Thanks for your info about Texas Rebecca, Ellie and I were alsolooking at Phoenix Arizona too.

Our business is gelato artigianale (Italian hand made special ice cream), coffee and and hand made chocolate products we make in our shop, so this is the main reason we are looking for a hot destination as well as better quality of life to live.

best regards
Jamie xx


----------



## Jamie & Ellie

Squirrel14# said:


> Hi Jaime and Ellie,
> 
> Thank you for your lengthy reply on why I would want to move to Italy.
> 
> First of all, I really love Europe and my career here has taken a major downfall. I was laid off and I'm at the age where a permanent job is hard to find and healthcare is very expensive. Texas is way too hot!!!! If you want a hot state, think about moving here this is one of them! On the plus side, I can do two things: possibly be a dual citizen, (my grandfather is Sicilian and I am working to find out when he was naturalized) or I would probably qualify for elective residency. In that respect, I realize I am very fortunate.
> 
> Really consider moving to Texas. Austin in particular. I don't know what your service is, but people like to buy local here if they can. Of course, they love Amazon too. Austin has one of the lowest unemployment rates (outside of Houston and Dallas). The average income of people in Texas is higher than in Florida (with the exception of Miami and a few other places). In Texas the people are friendly and from all over the world. The internet is fast and unlimited. I will be honest with you as well of the pluses and minuses if you happen to have any questions on Texas or the U.S. There are hills, canyons and lots of things to do, every weekend.
> 
> I do not speak Italian, yet. I do realize I will need to and I am not planning an immediate move - probably 3-4 years down the line. I want lots of time to learn about it, visit Italy and really think totally about what moving to Italy. I hope to visit Le Marche next summer - it is probably one of the few places in Italy we could afford to rent.
> 
> I did not realize that the banks tax you whether you use your Visa card or not. I did not realize that they have laws for the laws they already have!! I also did not know what they are still in a deep recession (I should have). I do know the Government tends to be corrupt. You are saying you are taxed 22% on almost everything you buy?? I assume groceries are excluded. I thought 8.5% was a lot where I live.
> 
> I do know Italians are fast drivers. We (my boyfriend and I) hope to live in a village where I don't have to drive a lot. I'm hoping that if I can be a citizen, it will make it easier for him to come. His employment situation is much more stable than mine, as he has a Mariner's license now and is an Amazon and Ebay Reseller.
> 
> I will look at the website you gave me, thanks so much!
> 
> I love fresh produce and Italian food. I also love the culture there and fashion. It is such a beautiful country.
> 
> Please do let us know how you get on with your new adventure.

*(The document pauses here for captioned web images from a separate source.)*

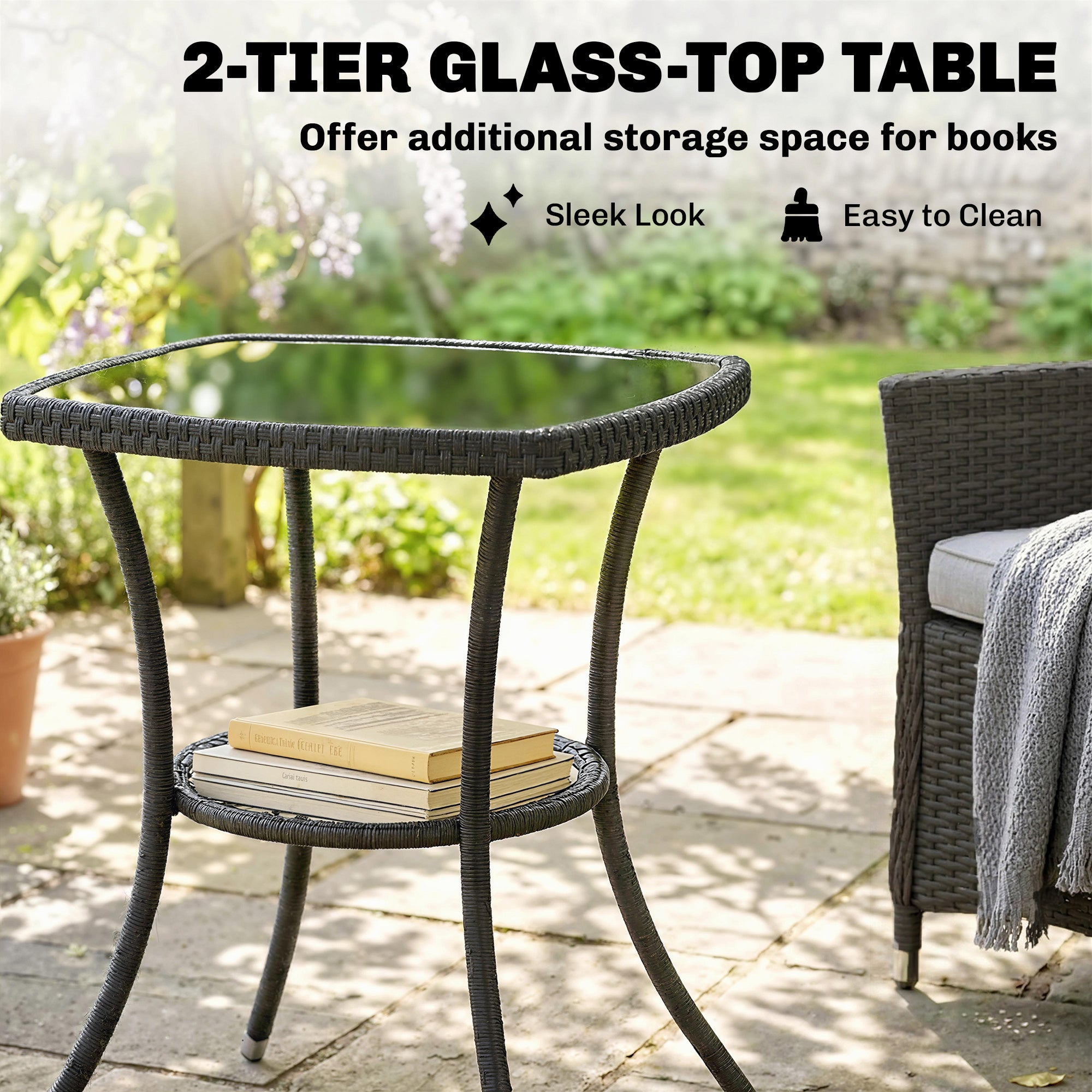 Outsunny 3 Piece Rattan Bistro Set, PE Wicker Garden Furniture Conversation Set with 2 Tier Glass-Top Table, Chairs, Cream White 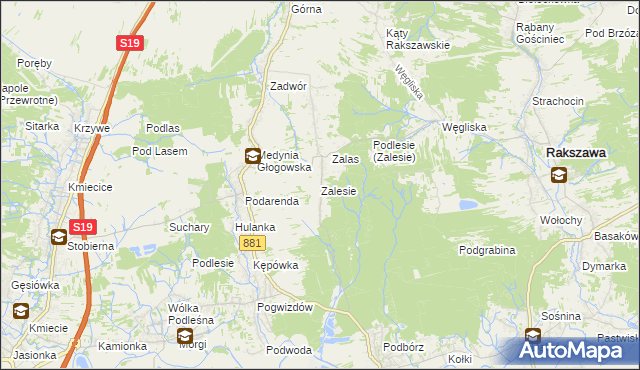 mapa Zalesie gmina Czarna, Zalesie gmina Czarna na mapie Targeo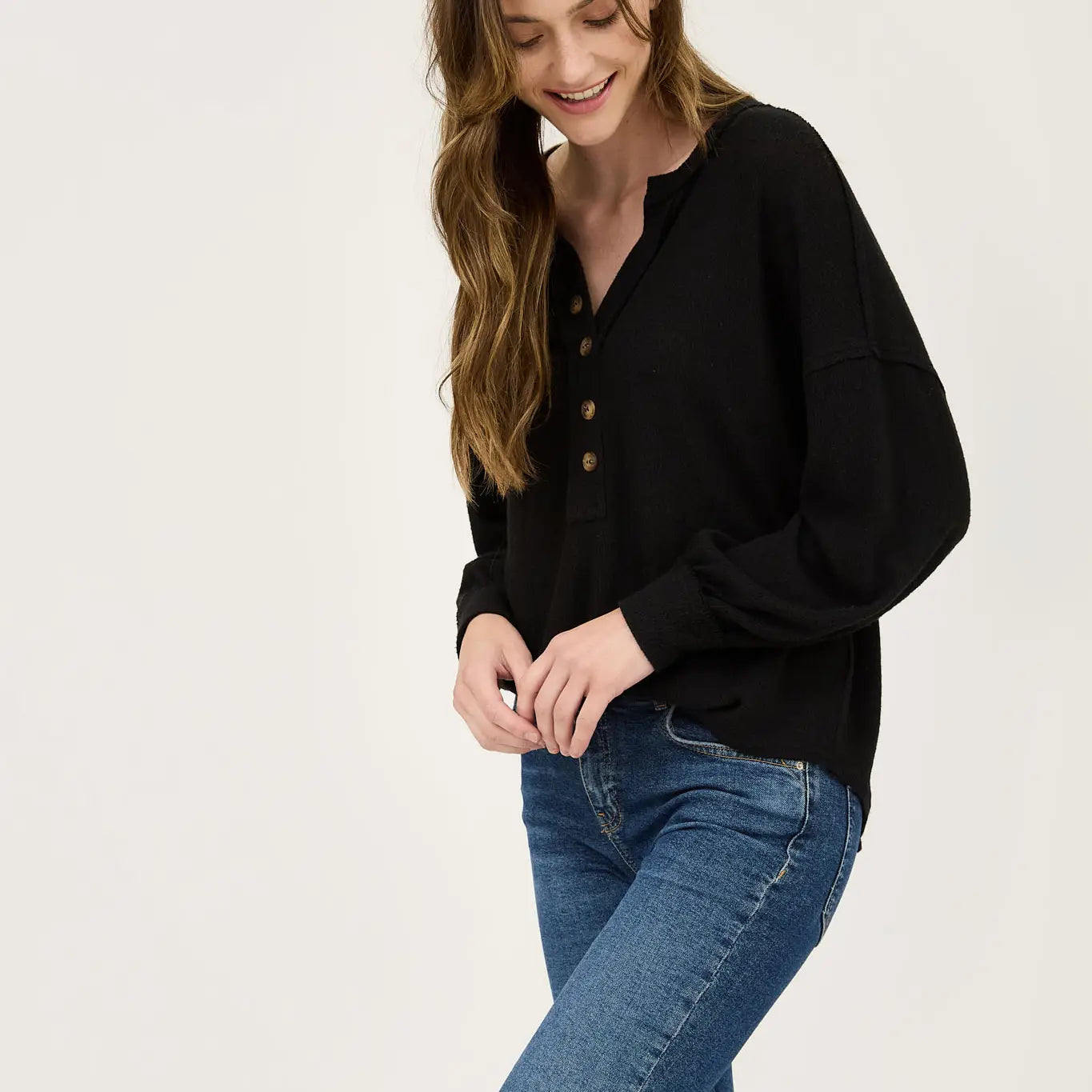 Black Button Knit Top Chic Knit Top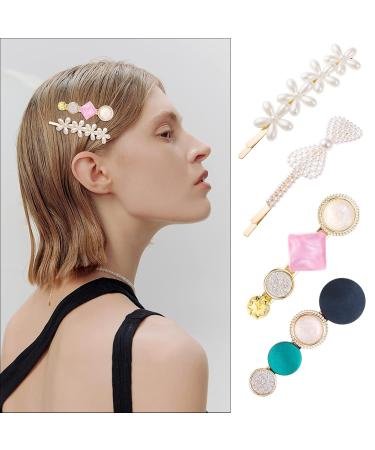 Melliex 14-Piece Pearl Hair Clip Set | Metal & Acrylic Resin Clips for Women & Girls - Perfect for Weddings & Daily Style - Buy Online on GoSupps.com
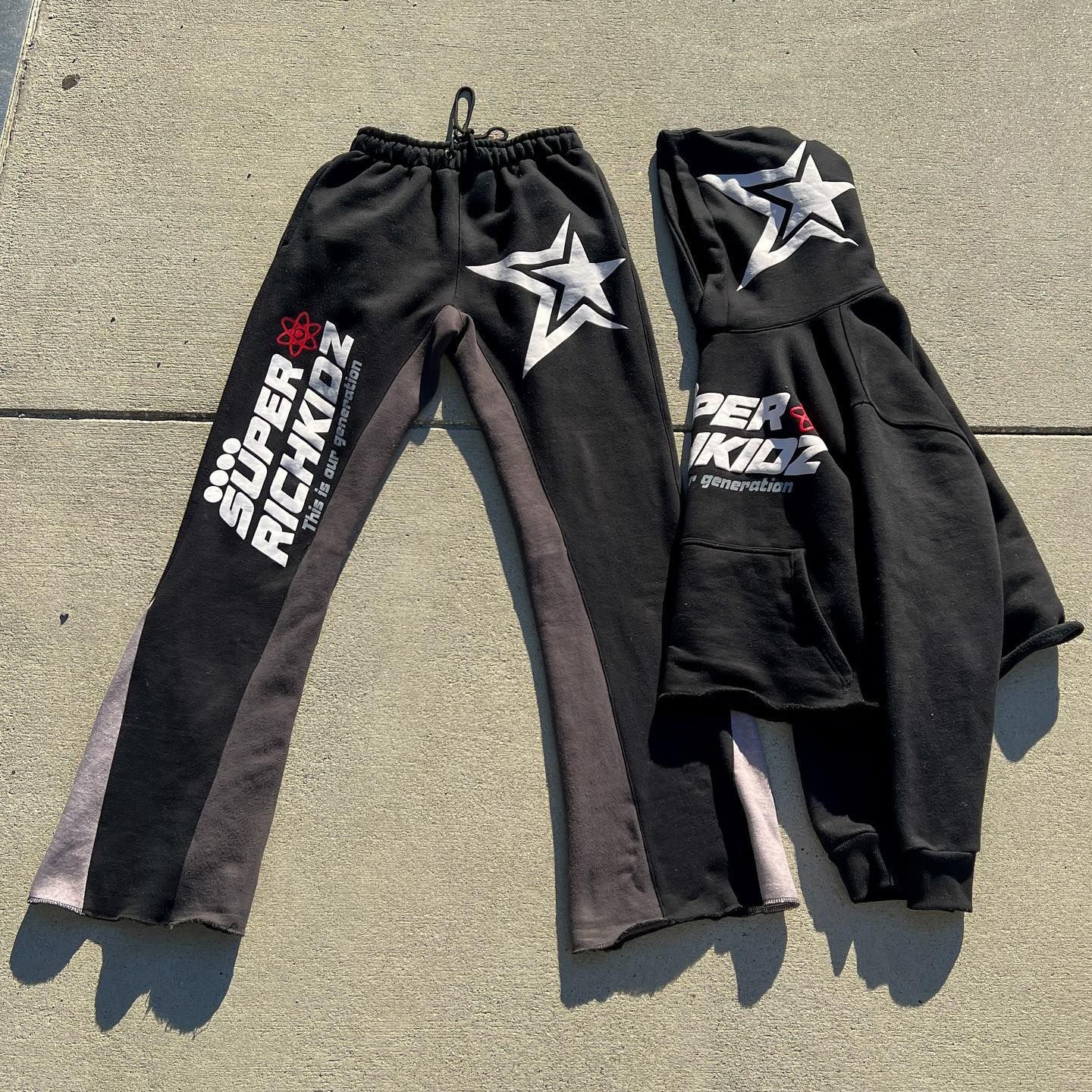 Super Richkidz Print Hoodie Sweatpants Two Piece Set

I have to tell you also Rebecca, that it is essential to speak and understand the Italian language if you wish to enjoy life and retirement here. I cannot understate this to you too much as there are only a few Italians who will speak to you in English. It isn't a difficult language to learn, but you will need to know it, at the very least the basics to be able to survive here.

regards
Jamie x


----------



## Squirrel14#

Jamie & Ellie said:


> Thanks for your info about Texas Rebecca, Ellie and I were alsolooking at Phoenix Arizona too.
> 
> Our business is gelato artigianale (Italian hand made special ice cream), coffee and and hand made chocolate products we make in our shop, so this is the main reason we are looking for a hot destination as well as better quality of life to live.
> 
> best regards
> Jamie xx


Gelato! Yummy. Certainly it would go over well in Texas. We LOVE chocolate in Austin, and coffee. Whole Foods has a million kinds of chocolate, as well as HEB (the mostly non-organic grocery store). If you decide on a state in the US, be sure to call SCORE for help on setting up your business. 

Cheers,
Squirrel


----------



## Danny2IT

*Intro*

Hello to All;
I'd like to introduce myself. Briefly, I am an expat in Japan, originally from the USA, working for a large aerospace company. I've been in Japan for about 6 years now, and am finally seeing the light at the end of my time here. My maternal grandparents were from Italy (Veneto), and I have travelled back to Italy a bunch of times over the past 2 decades, including working with a major Italian aerospace company. Now that I am nearing retirement, I am researching my options, with Italy being (by far) at the top of my list.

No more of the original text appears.